Data records:

----------------------------------------

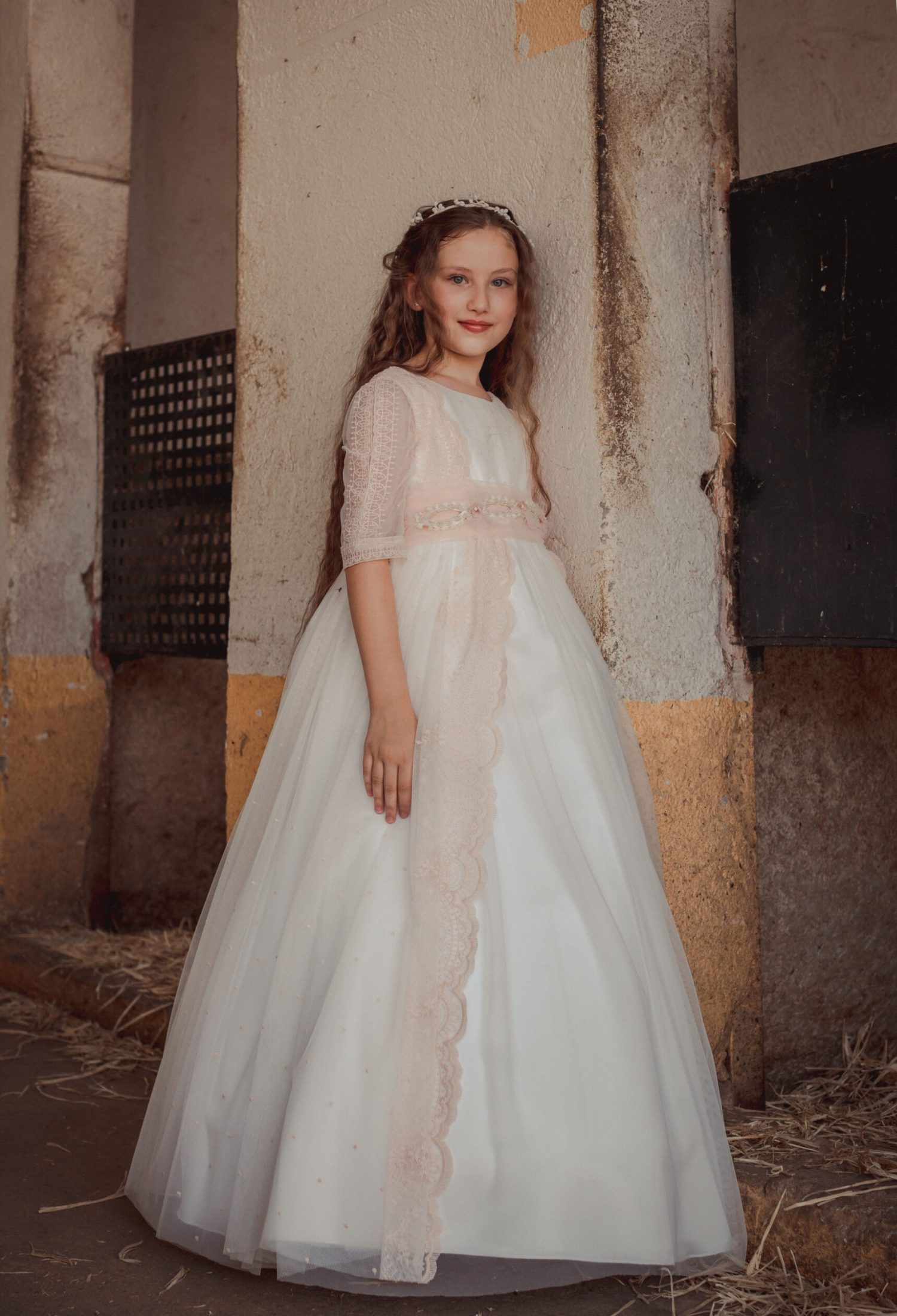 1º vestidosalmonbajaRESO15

----------------------------------------

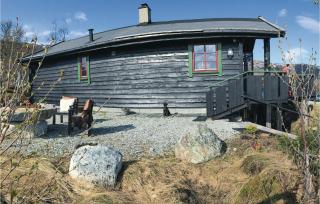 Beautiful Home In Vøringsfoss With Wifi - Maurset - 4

----------------------------------------

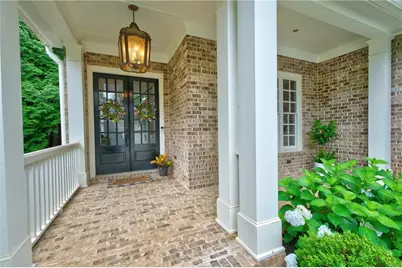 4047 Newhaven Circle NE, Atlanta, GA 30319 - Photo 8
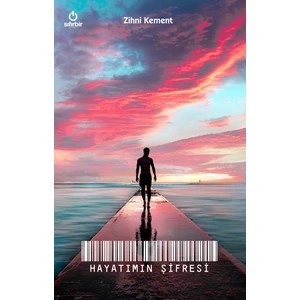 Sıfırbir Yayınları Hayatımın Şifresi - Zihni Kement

----------------------------------------

Working from the entries above, reproduce exactly and only the lines beginning with the line that has "4047 Newhaven Circle" and ending with the line that has "Sıfırbir Yayınları Hayatımın"; omit all pictures.

Answer space:
 4047 Newhaven Circle NE, Atlanta, GA 30319 - Photo 8
 Sıfırbir Yayınları Hayatımın Şifresi - Zihni Kement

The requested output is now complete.